In this study, we provide an assessment of the Fourier Neural Operator (FNO) in capturing droplet transport on chemically heterogeneous surfaces. Two distinct data-driven approaches are followed: (i) the FNO is applied as an iterative architecture and (ii) a low-order approximation is corrected with an FNO-based counterpart. The performance of each approach is evaluated, and the findings of the study can be used in guiding the deployment of the FNO on high-fidelity data.

15:40 – 16:00

When AI meets CFD Michal Kravcenko (NCC CZ)

The aim of the joint project between IT4Innovations National Supercomputing Center and Orgrez is to develop a software tool for the initial design of equipment for the catalytic reduction of nitrogen oxides. This tool will be developed using the neural networks-based surrogate model. To prepare datasets for training, validation and testing of the neural networks, methods of Computational Fluid Dynamics (CFD) are used. In this talk, the description of the problem will be presented together with the methods and tools to create it.

14:00 – 16:00

Parallel Session 3.2: Data-Driven Use Cases

14:00 – 14:20

Event reconstruction and classification at the CERN HL-LHC  Eric Wulff (CERN – RAISE)

Hyperparameter optimisation (HPO) of deep learning-based AI models is often compute resource intensive and calls for the use of large-scale distributed resources as well as scalable and resource-efficient HPO algorithms.
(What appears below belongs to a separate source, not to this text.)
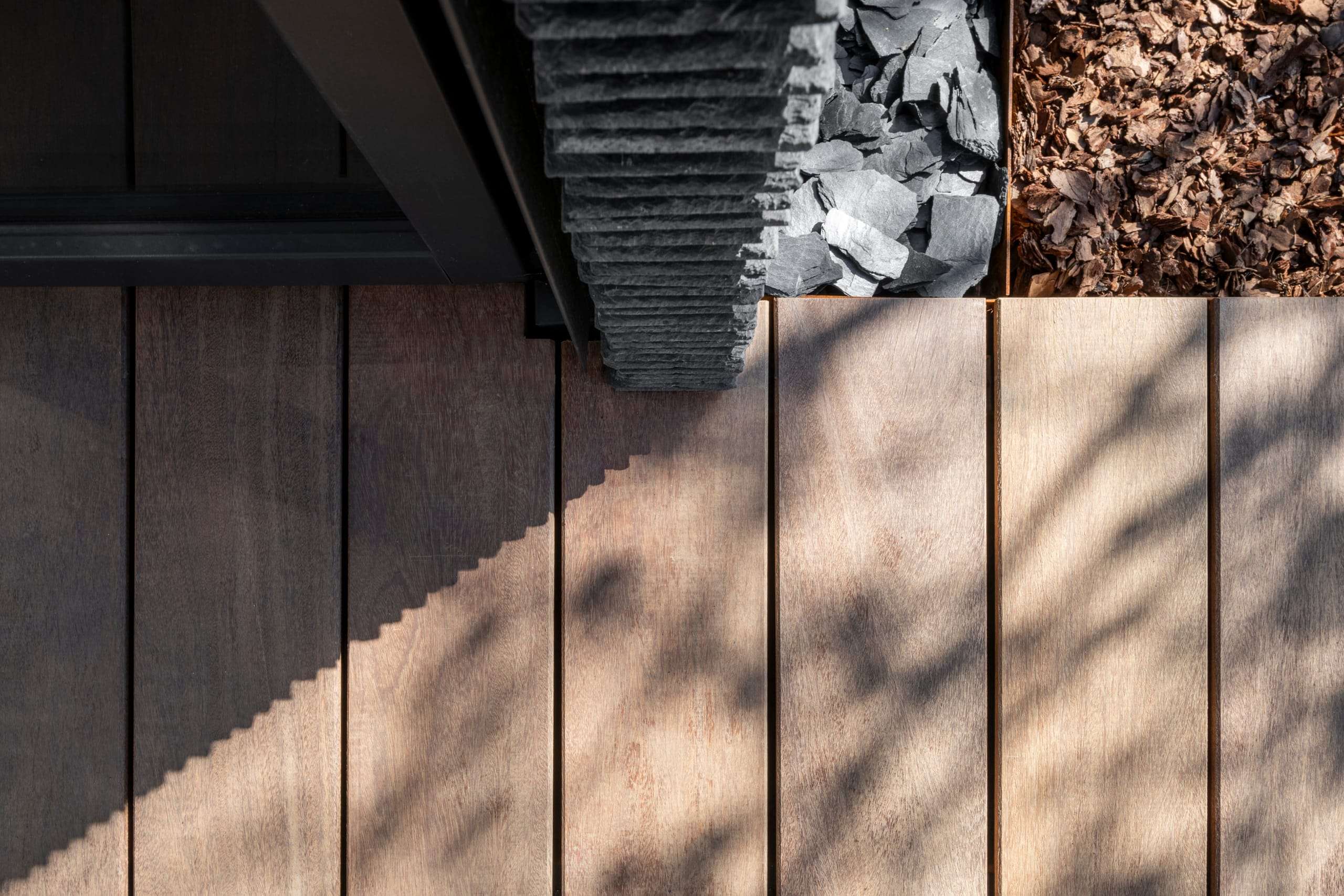 IN JAN House — timber decking meeting slate chippings in the shadow of the eaves
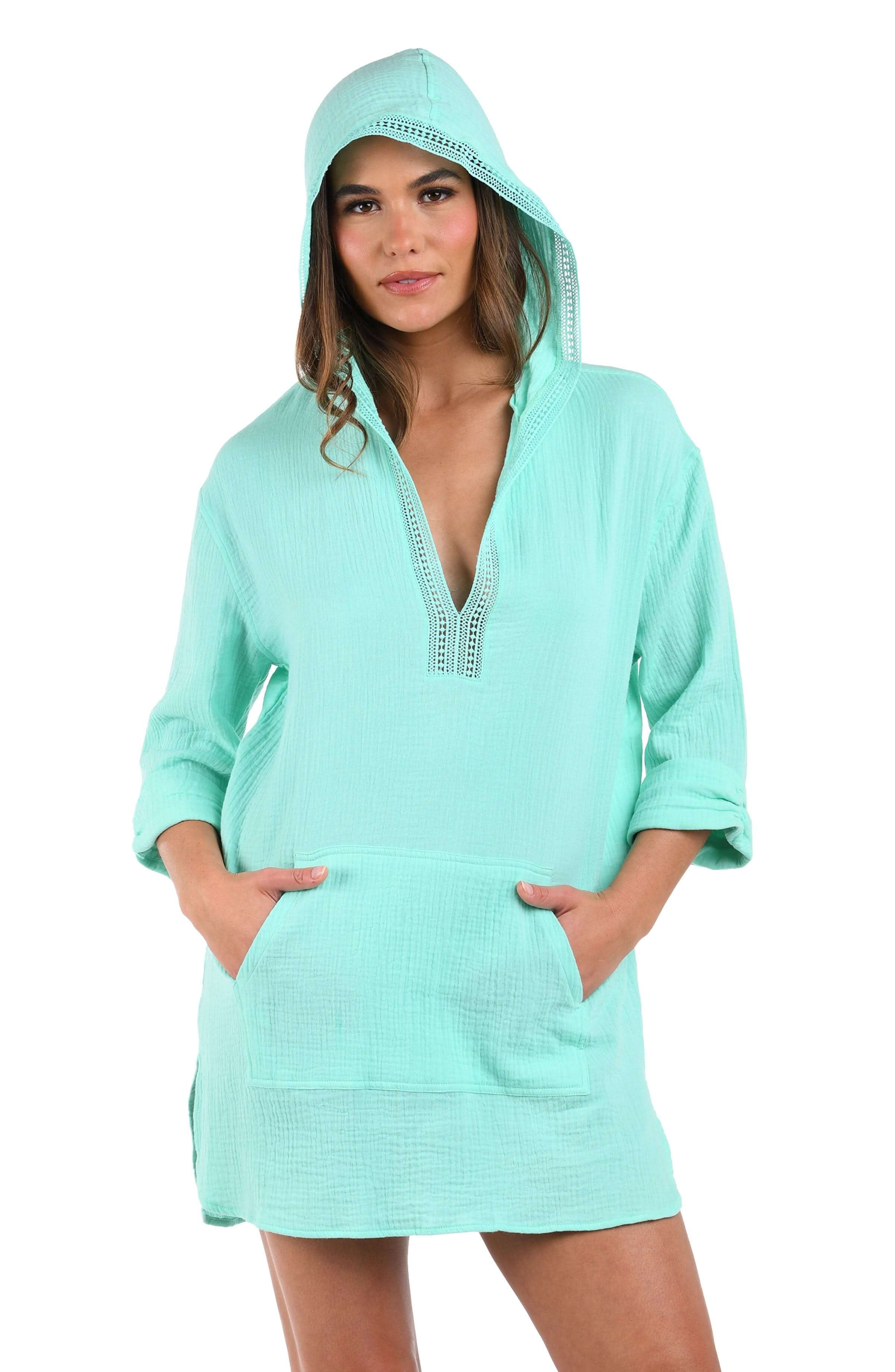 Front image of model wearing the Seaside Covers Hoodie in Seabreeze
We leverage the benefits of HPC and quantum computing for HPO by exploring new techniques.  We also investigate the use of SVR models and Quantum-SVR (QSVR) models for model performance prediction with the potential application of improving hyperparameter optimisation.

14:20 – 15:00

Seismic imaging with remote sensing for energy applications – Gabriele Cavallaro (FZJ – RAISE) and Naveed Akram (CYI – RAISE)

Seismic imaging is the best possible technology to uncover the Earth's subsurface structures, whereas remote sensing is an indispensable tool for observing and monitoring the Earth's surface. Under CoE RAISE, we are pursuing the advancement of machine learning (ML) approaches across both fronts, aiming, towards the end of the project, to integrate both technologies in a synergistic framework where the outputs of remote sensing inform and guide those of seismic imaging.

 

Seismic imaging is used for the discovery of new energy resources including geothermal reservoirs with a high level of confidence. These, however, often rely on computationally expensive simulations and it is desirable to explore the potential of ML methodologies to be used to at least partly replace some of the associated computationally demanding components. In this work, we have explored a number of candidate generative neural network architectures for seismic wave modelling with the aim of integrating them in an inversion process, during which the subsurface features are uncovered from measurements recorded at the surface of the earth.

15:00 – 15:40

Predicting porosity formation during Selective Laser Melting: towards defect-free 3D-printing of stainless steel

Additive manufacturing (AM) of metal products is achieved by selective laser melting (SLM) at the surface of a metal powder bed.  To fulfil the need for quality assurance without tedious (and often destructive) post-process quality control, we develop predictive models to uncover defects based on process monitoring data.  The raw data stream is dominated in volume by high-speed video at 1 TB per hour.  Model exploration, training, and tuning is accelerated on HPC.

 

ML-Ops on HPC: Deploying ClearML Server on a modular supercomputer – Kurt De Grave (FM – RAISE)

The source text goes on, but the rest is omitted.